▸ What is expected
One range is to be output from the listing below, exactly as written: the line with "Nieuwe ring Nevaeh" to the line with "Montone Cheye color", both kept.

▸ Records for processing
* * * * * * *

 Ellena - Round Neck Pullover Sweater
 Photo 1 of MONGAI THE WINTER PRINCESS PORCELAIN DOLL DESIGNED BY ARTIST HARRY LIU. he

* * * * * * *

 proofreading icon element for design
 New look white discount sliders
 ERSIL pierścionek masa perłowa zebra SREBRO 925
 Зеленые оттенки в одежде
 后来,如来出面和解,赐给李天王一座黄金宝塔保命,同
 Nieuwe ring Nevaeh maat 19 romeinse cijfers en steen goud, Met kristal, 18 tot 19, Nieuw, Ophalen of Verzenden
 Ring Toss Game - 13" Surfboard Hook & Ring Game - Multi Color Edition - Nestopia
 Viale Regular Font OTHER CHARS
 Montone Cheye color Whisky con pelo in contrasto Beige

* * * * * * *

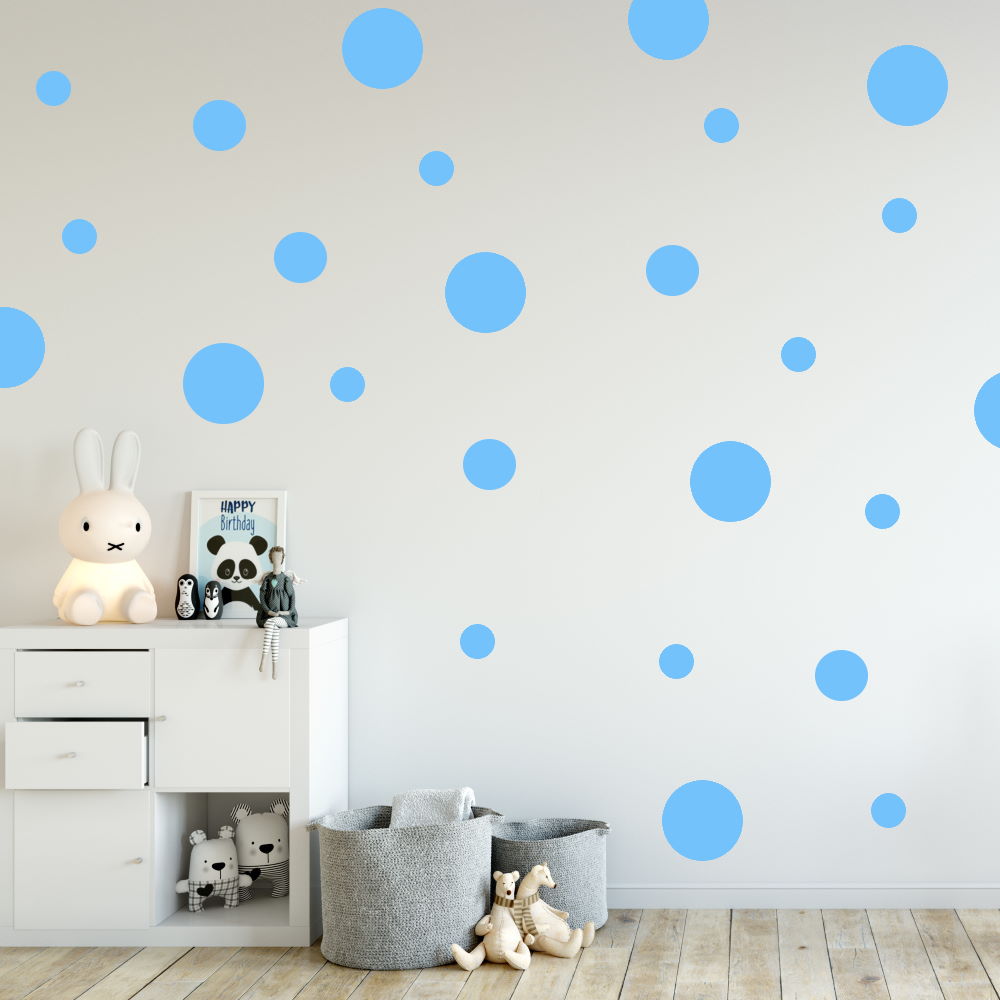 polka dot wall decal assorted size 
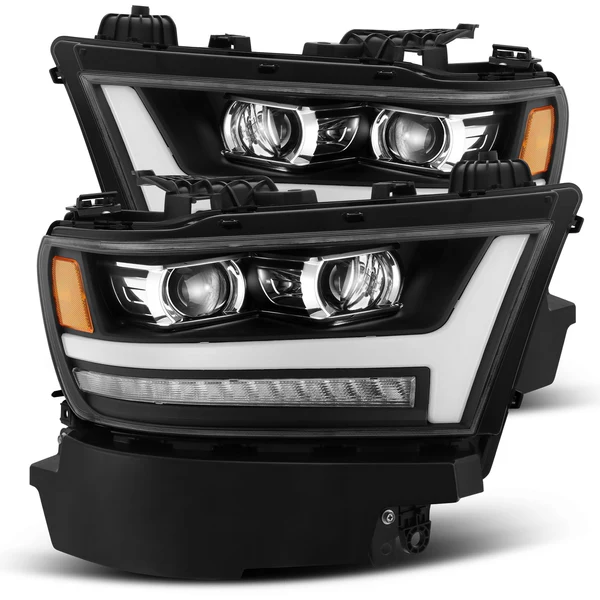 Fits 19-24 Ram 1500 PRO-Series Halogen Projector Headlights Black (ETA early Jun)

* * * * * * *

▸ Solved exercise
 Nieuwe ring Nevaeh maat 19 romeinse cijfers en steen goud, Met kristal, 18 tot 19, Nieuw, Ophalen of Verzenden
 Ring Toss Game - 13" Surfboard Hook & Ring Game - Multi Color Edition - Nestopia
 Viale Regular Font OTHER CHARS
 Montone Cheye color Whisky con pelo in contrasto Beige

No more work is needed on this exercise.